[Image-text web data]
■ ■ ■

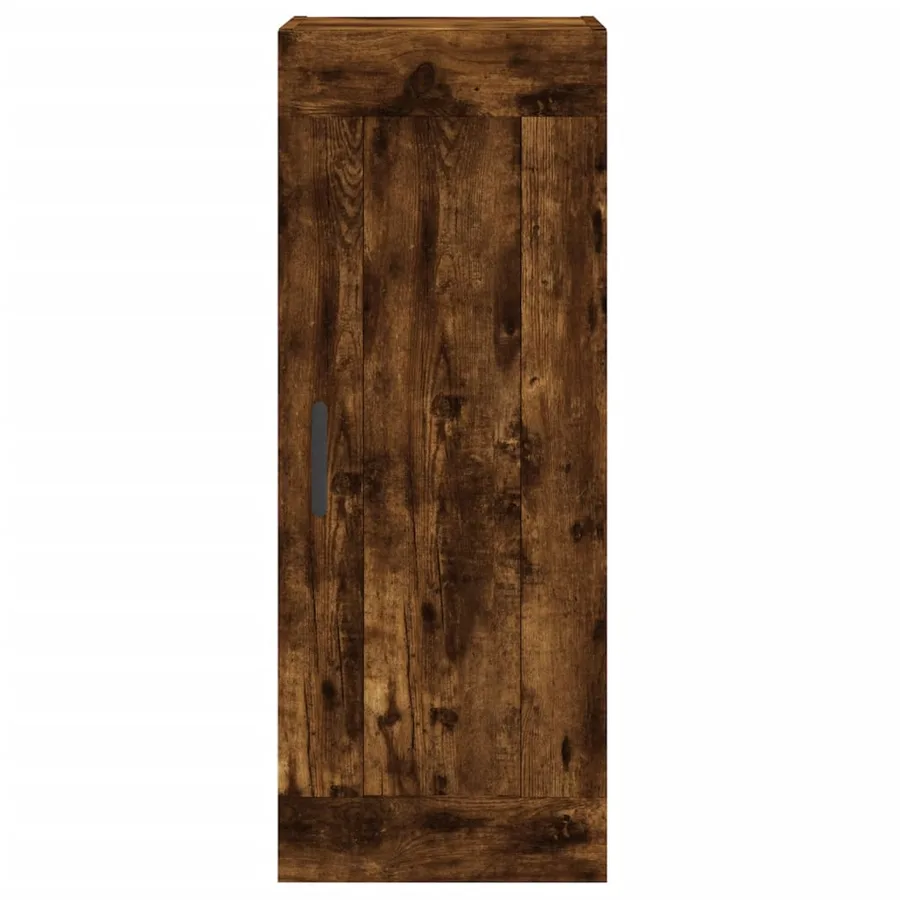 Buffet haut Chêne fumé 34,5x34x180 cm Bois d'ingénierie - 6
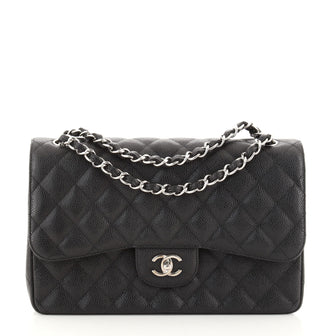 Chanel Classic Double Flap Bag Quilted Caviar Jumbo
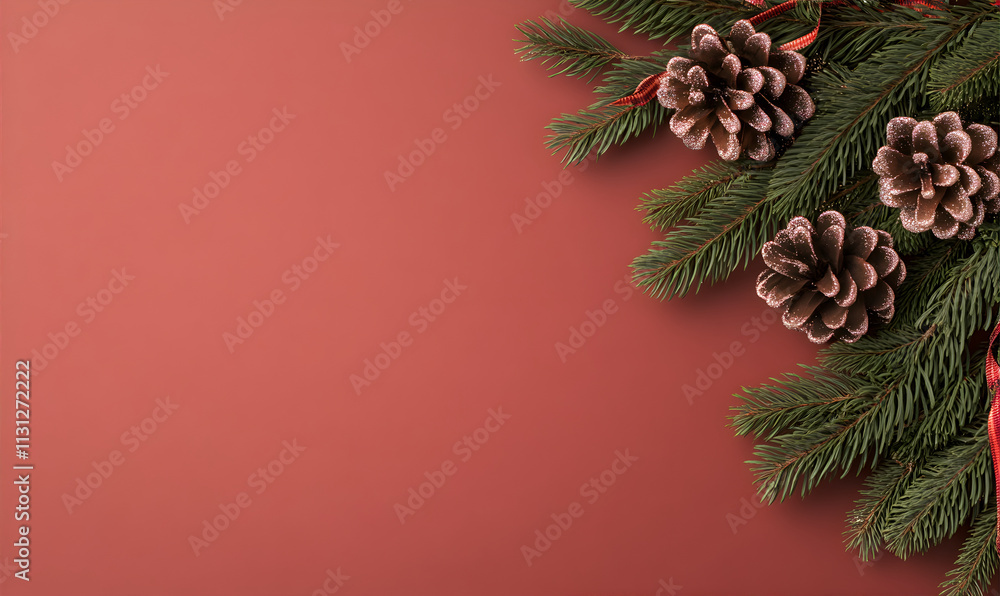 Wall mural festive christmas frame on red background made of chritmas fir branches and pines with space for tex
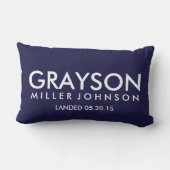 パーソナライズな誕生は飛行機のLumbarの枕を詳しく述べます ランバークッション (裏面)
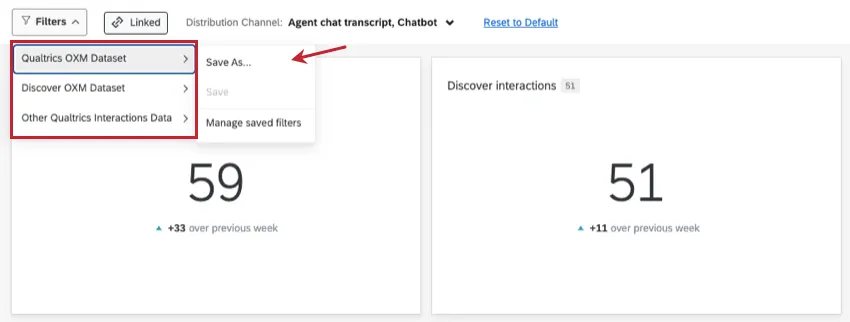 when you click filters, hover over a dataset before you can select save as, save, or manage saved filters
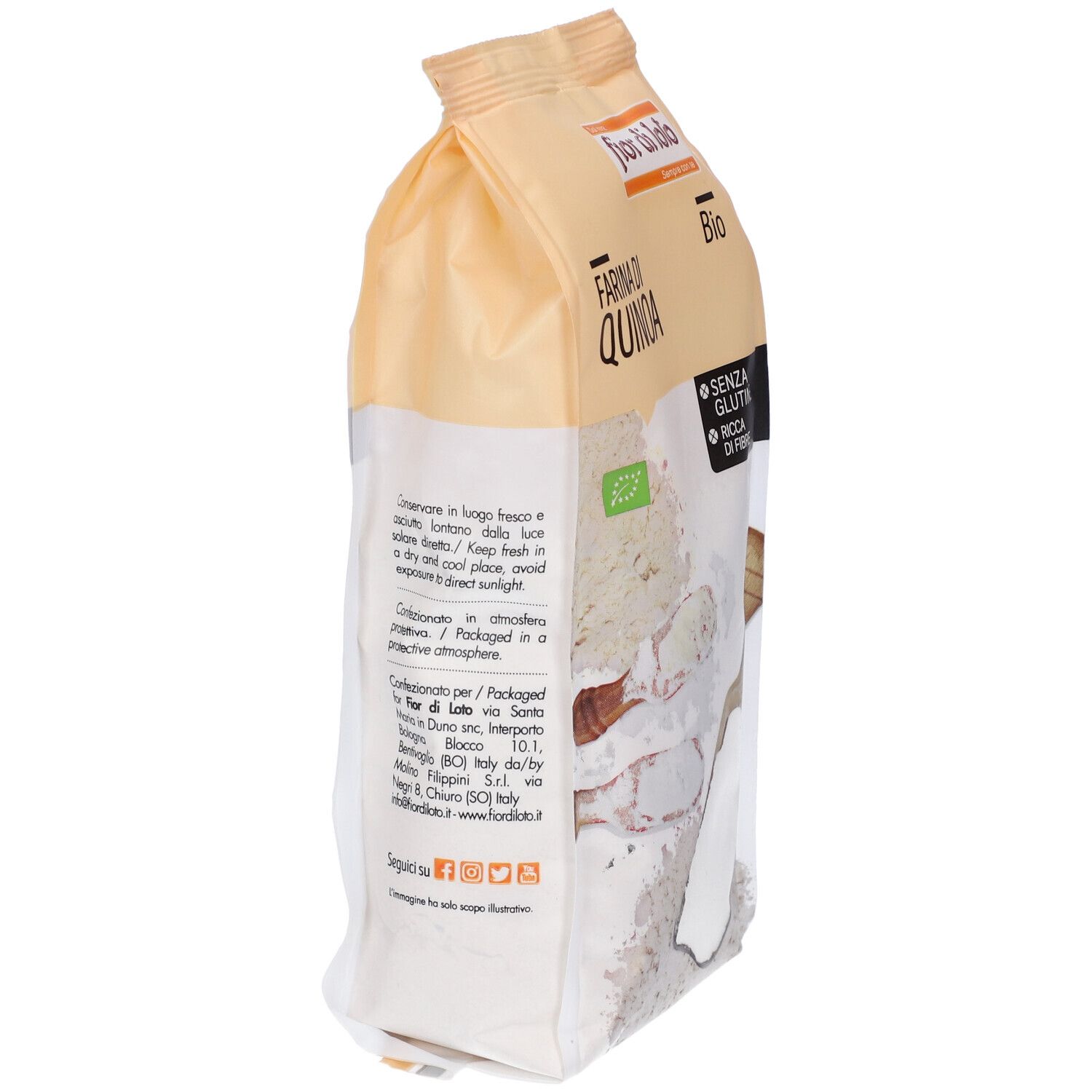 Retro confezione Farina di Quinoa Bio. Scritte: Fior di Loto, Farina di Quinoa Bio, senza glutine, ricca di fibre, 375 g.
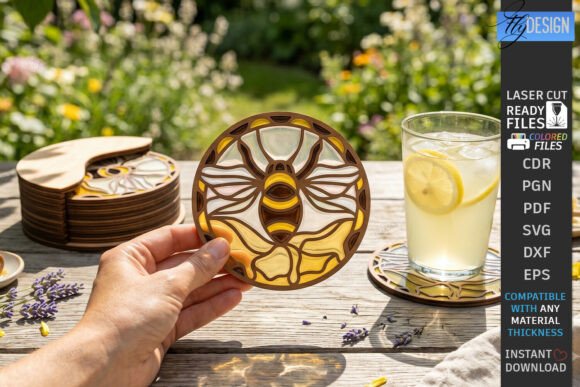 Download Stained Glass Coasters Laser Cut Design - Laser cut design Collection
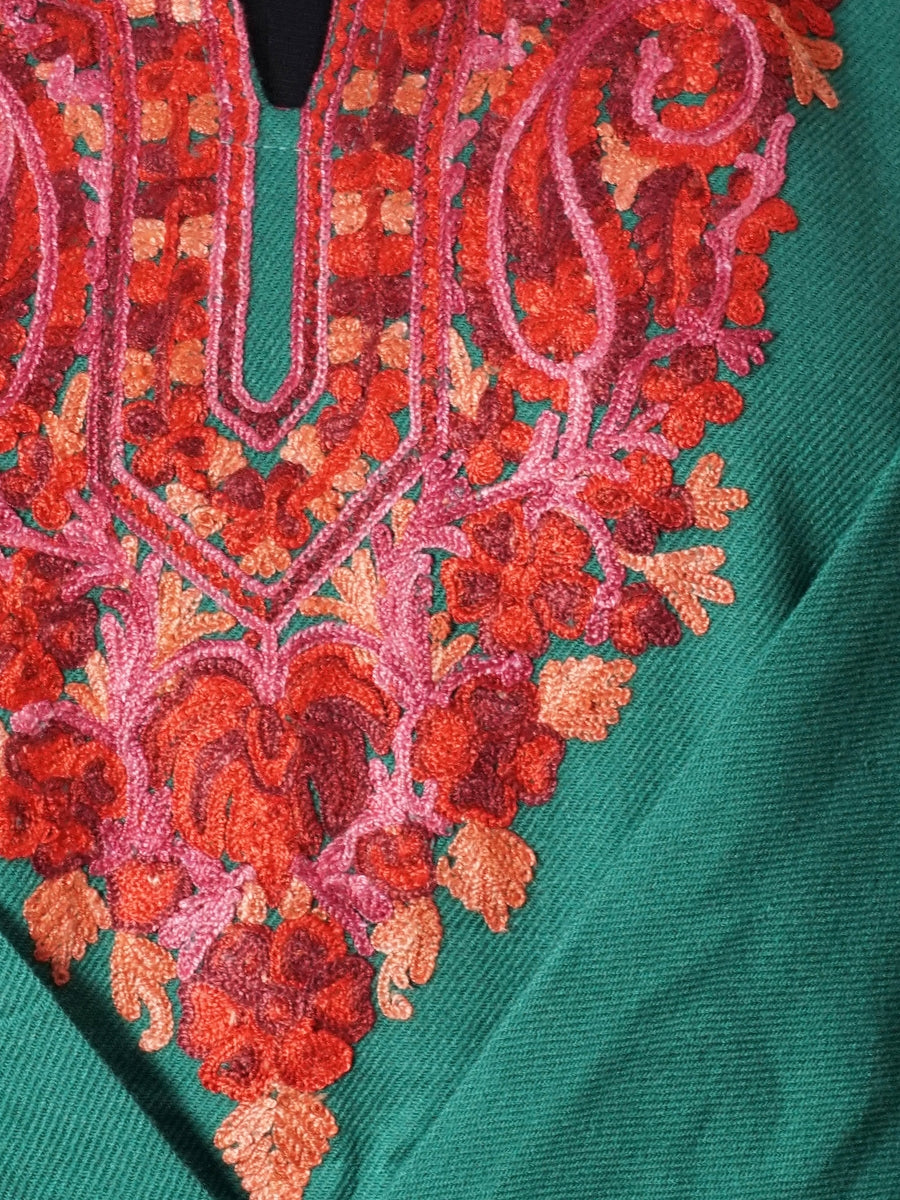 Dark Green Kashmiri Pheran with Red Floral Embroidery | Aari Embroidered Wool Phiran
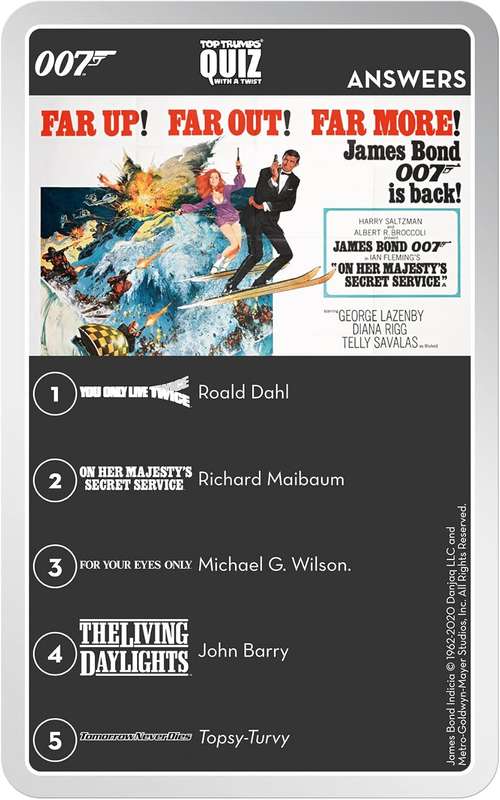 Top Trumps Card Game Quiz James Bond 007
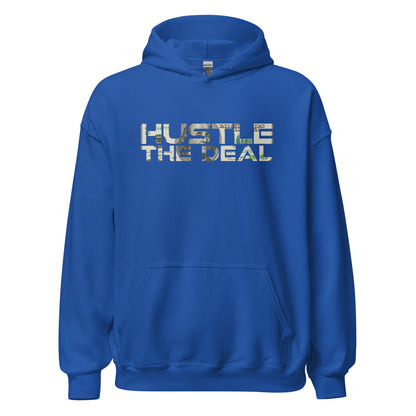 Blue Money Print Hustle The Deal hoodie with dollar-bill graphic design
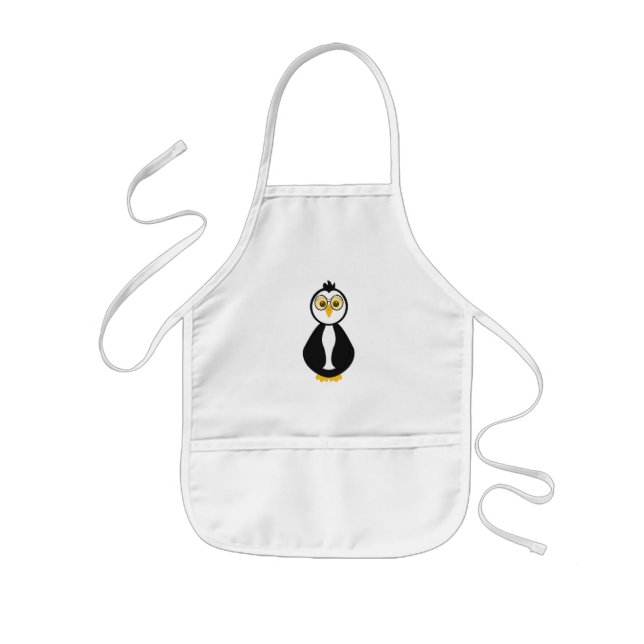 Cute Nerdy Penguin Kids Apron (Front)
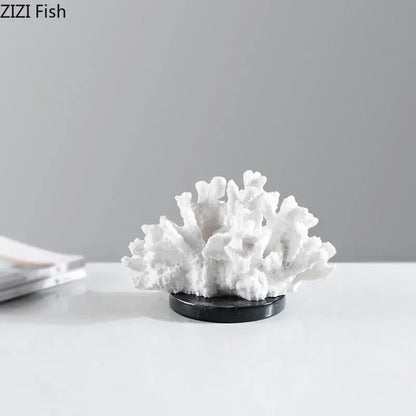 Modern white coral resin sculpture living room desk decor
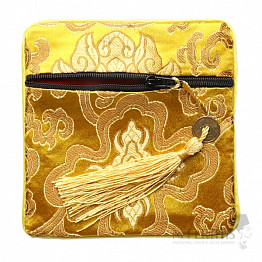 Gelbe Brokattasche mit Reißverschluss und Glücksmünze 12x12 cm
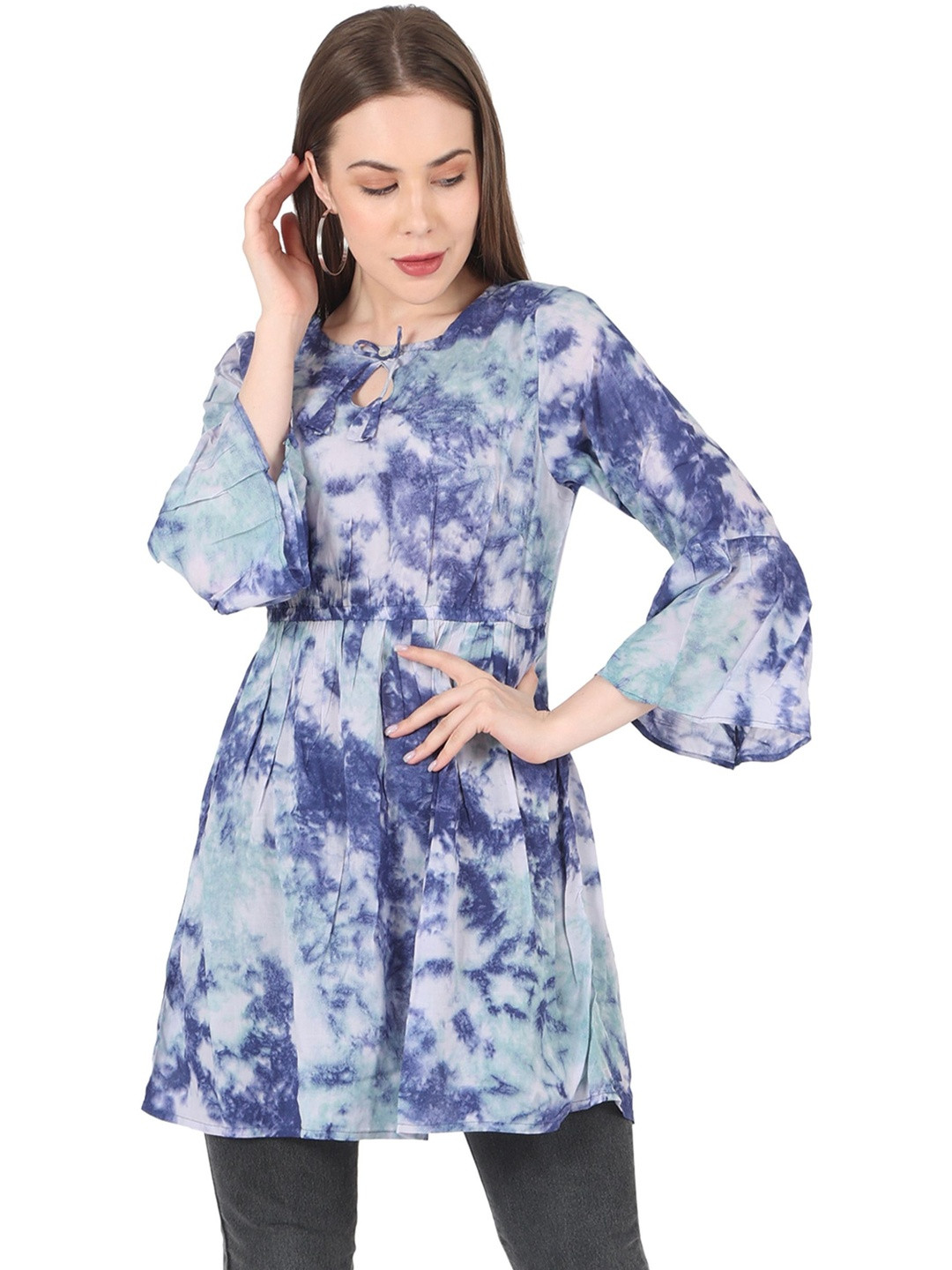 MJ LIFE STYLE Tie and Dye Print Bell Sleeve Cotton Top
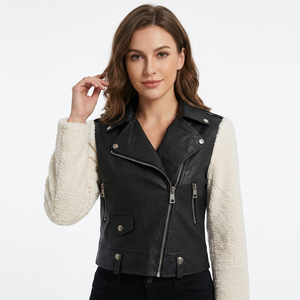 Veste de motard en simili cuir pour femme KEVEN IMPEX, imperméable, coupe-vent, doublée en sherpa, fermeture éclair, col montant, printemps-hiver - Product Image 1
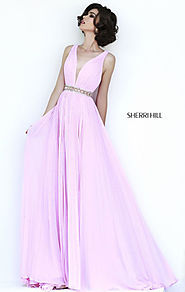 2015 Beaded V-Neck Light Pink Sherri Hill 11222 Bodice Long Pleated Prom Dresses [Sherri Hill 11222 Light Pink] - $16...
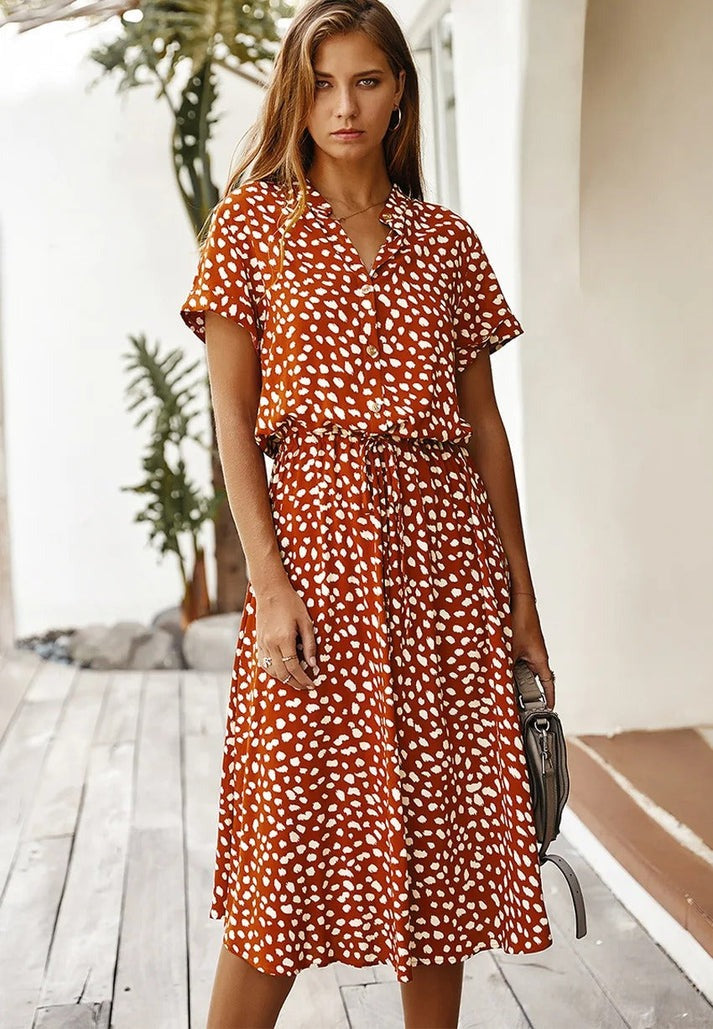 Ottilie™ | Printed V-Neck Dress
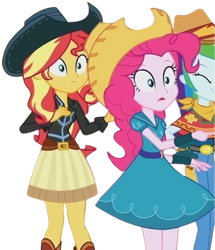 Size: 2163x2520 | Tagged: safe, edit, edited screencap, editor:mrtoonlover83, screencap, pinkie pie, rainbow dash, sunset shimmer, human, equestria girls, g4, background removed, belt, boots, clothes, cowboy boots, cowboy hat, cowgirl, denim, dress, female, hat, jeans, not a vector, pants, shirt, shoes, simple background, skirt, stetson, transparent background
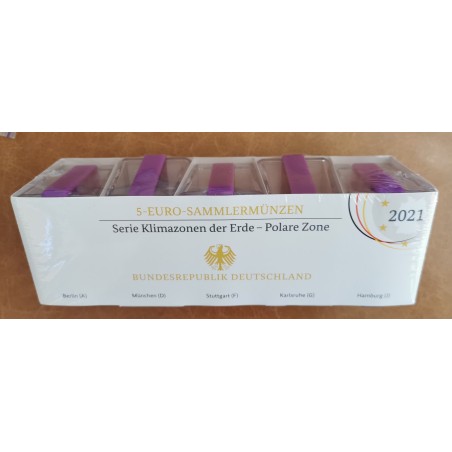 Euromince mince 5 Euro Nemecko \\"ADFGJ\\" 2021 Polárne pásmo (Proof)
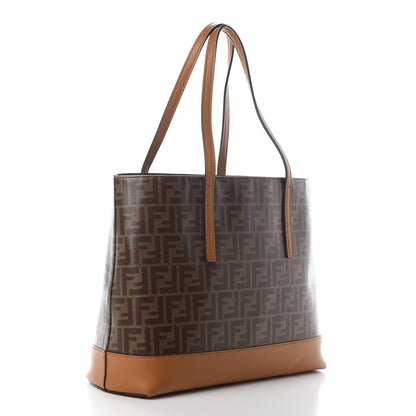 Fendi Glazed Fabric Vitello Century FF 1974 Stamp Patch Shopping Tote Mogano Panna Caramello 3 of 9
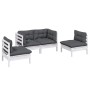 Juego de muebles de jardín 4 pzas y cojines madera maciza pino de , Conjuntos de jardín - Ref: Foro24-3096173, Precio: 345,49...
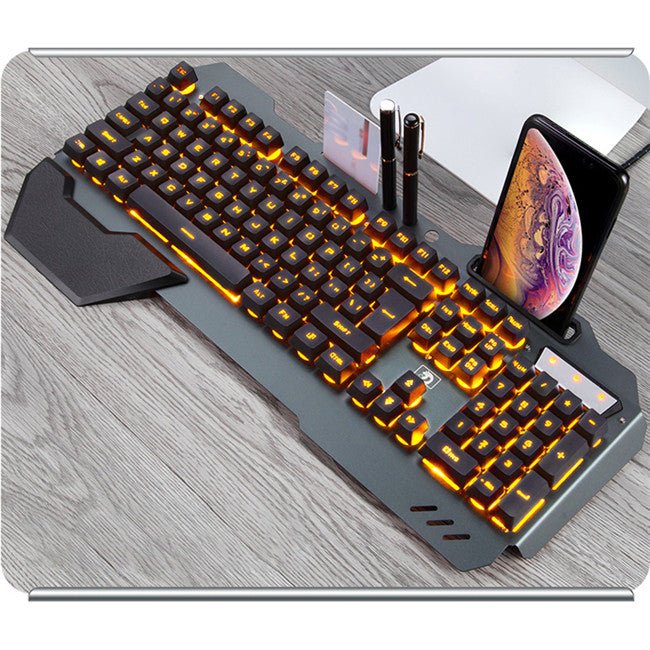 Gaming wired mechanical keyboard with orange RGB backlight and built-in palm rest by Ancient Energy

■ ■ ■

From the records above, output only the lines starting at the one containing "パーソナライズな誕生は飛行機のLumbarの枕を詳しく述べます ランバークッション (裏面)" and ending at the one containing "Ottilie™ | Printed V-Neck Dress", word for word. Pictures stay out.

**SOLUTION FOR THIS PROBLEM:**
 パーソナライズな誕生は飛行機のLumbarの枕を詳しく述べます ランバークッション (裏面)
 when you click filters, hover over a dataset before you can select save as, save, or manage saved filters
 Retro confezione Farina di Quinoa Bio. Scritte: Fior di Loto, Farina di Quinoa Bio, senza glutine, ricca di fibre, 375 g.
 Download Stained Glass Coasters Laser Cut Design - Laser cut design Collection
 Dark Green Kashmiri Pheran with Red Floral Embroidery | Aari Embroidered Wool Phiran
 Top Trumps Card Game Quiz James Bond 007
 Blue Money Print Hustle The Deal hoodie with dollar-bill graphic design
 Cute Nerdy Penguin Kids Apron (Front)
 Modern white coral resin sculpture living room desk decor
 Gelbe Brokattasche mit Reißverschluss und Glücksmünze 12x12 cm
 MJ LIFE STYLE Tie and Dye Print Bell Sleeve Cotton Top
 Veste de motard en simili cuir pour femme KEVEN IMPEX, imperméable, coupe-vent, doublée en sherpa, fermeture éclair, col montant, printemps-hiver - Product Image 1
 2015 Beaded V-Neck Light Pink Sherri Hill 11222 Bodice Long Pleated Prom Dresses [Sherri Hill 11222 Light Pink] - $16...
 Ottilie™ | Printed V-Neck Dress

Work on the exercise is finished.